Estar debaixo d’água for Luedji of the album is being submerged and enveloped in love that black women manage to stimulate one among the others. It’s the complicity among black people. The songs and the visual album bring the possibility of looking inside the black community, with all the complexities they have and their love relationships. “The end is about my mother, grandmother, great-grandmother, the desire to speak more, since communication is so difficult,” considers Joyce, adding: “When black women go under water they understand themselves as a community, they talk about feeling and construction of freedom.”

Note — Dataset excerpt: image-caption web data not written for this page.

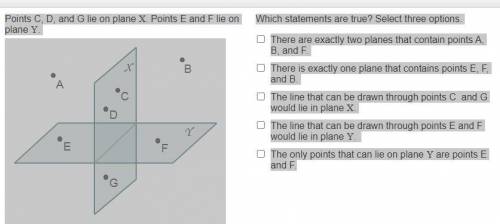 Points C, D, and G lie on plane X. Points E and F lie on plane Y.

Vertical plane X intersects hor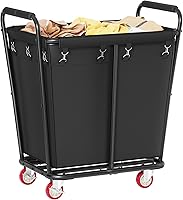 Hoctieon 300L Large Laundry Cart with Wheels - Heavy Duty Rolling Hamper Sorter, Durable Metal Frame for Home & Hotel, Black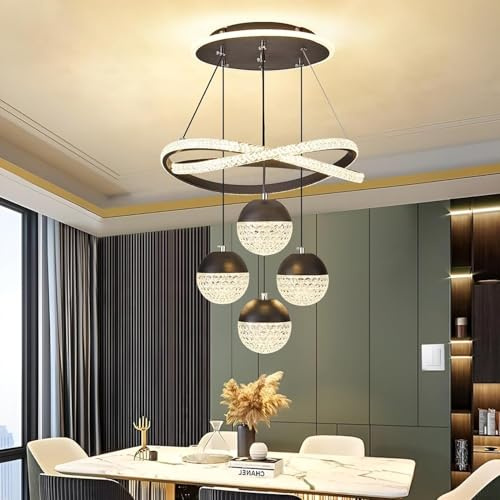 VTAMng Gold Acryl Kronleuchter Ring Moderne Led Kristall Küche Insel Leuchte Decke Hängen 3 Ball Dimmbare Deckenleuchten Led Pendelleuchte mit Fernbedienung Studie Büro Pendelleuchte(Black,Regular sty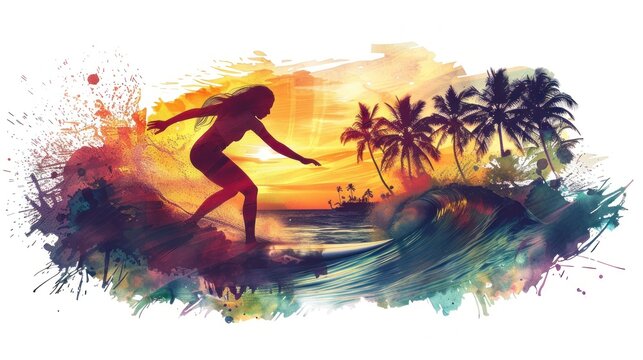 Woman surfing at sunrise with palm trees nearby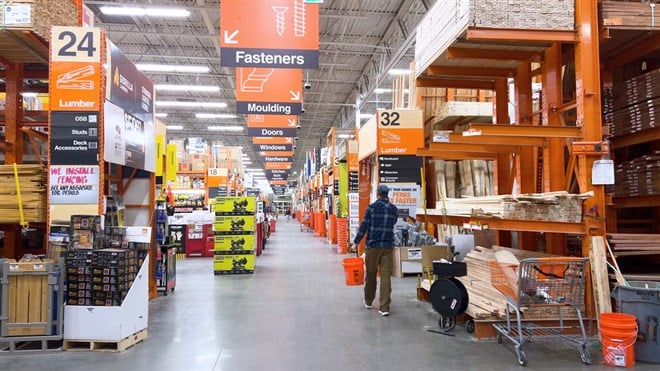 interior of Home Depot store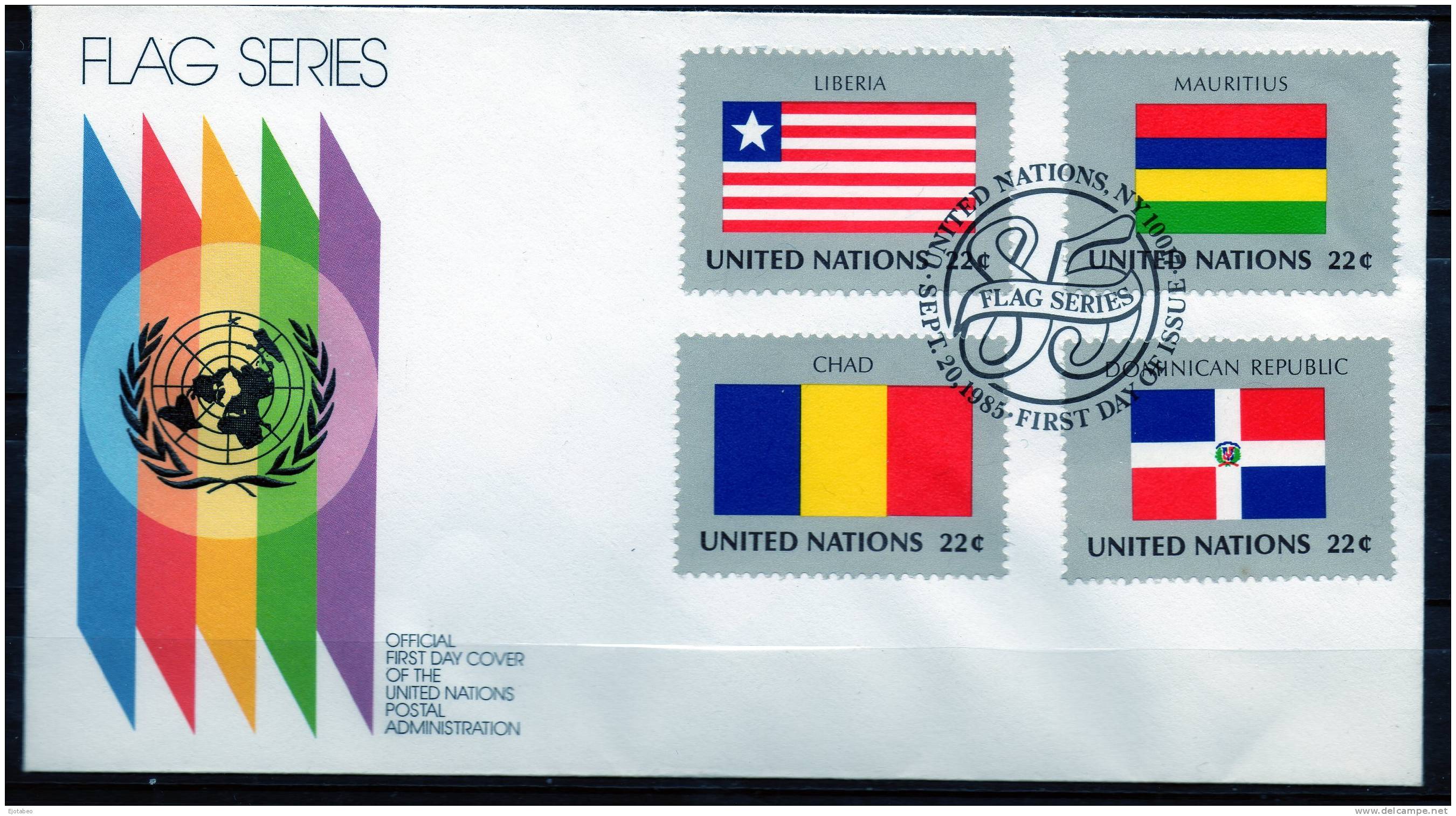 7 NACIONES UNIDAS -1985- FDC- NUEVA YORK- Serie Banderas - Unused Stamps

Therefore, the leopard comes out as a symbol of ancestry and red enters, which is blood and affection, pain and love. In addition to Exu, the album refers to another orixá, Iansã, and shows the maternal relationship with the womb, since all of us were once underwater. There is a desire to return to this water and red is the element that connects us and refers to the imaginary symbology. (Luedji Luna gives voice to Black Women with intimate Exploration)
So magical and affectionate that not everyone captures the universality of the work of the singer and the director. When answering about publishing this text about the visual album, an editor of a certain media outlet said: “Although wonderful, Luedji Luna doesn’t talk to our audience, which is mainstream”. I don’t have a problem with this. In fact, one of things that distances me from many black artists today is the necessity of “going Pop”, the sexualization of self and self-stereotyping that is often necessary to reach such an audience. This Luedji video speaks to black women, something that rarely happens in Brazil’s mainstream media.
Perhaps the medium in question is not read by women, or rather, black women in general. For if it were, they would know and understand at once that it is really good to be underwater, to listen and see Luedji Luna.
- Exú and Pomba Gira are Orixás that protect in African religions. They govern communication, personal power and gifts. Pombagira is represented by a sensual, independent, and dominant woman.
Pomba gira emerged at the beginning of the 20th century, symbolizing a woman liberated from submission and the oppressions and prejudices imposed on the female sex by a macho and patriarchal society. She is represented through attributes considered of female sacredness, such as personal power, beauty, sensuality and social work.
Maria Padilha is one of the best known phalanges of Pombagira. The Pomba Gira and Maria Padilha express themselves sensually and use seduction to achieve goals.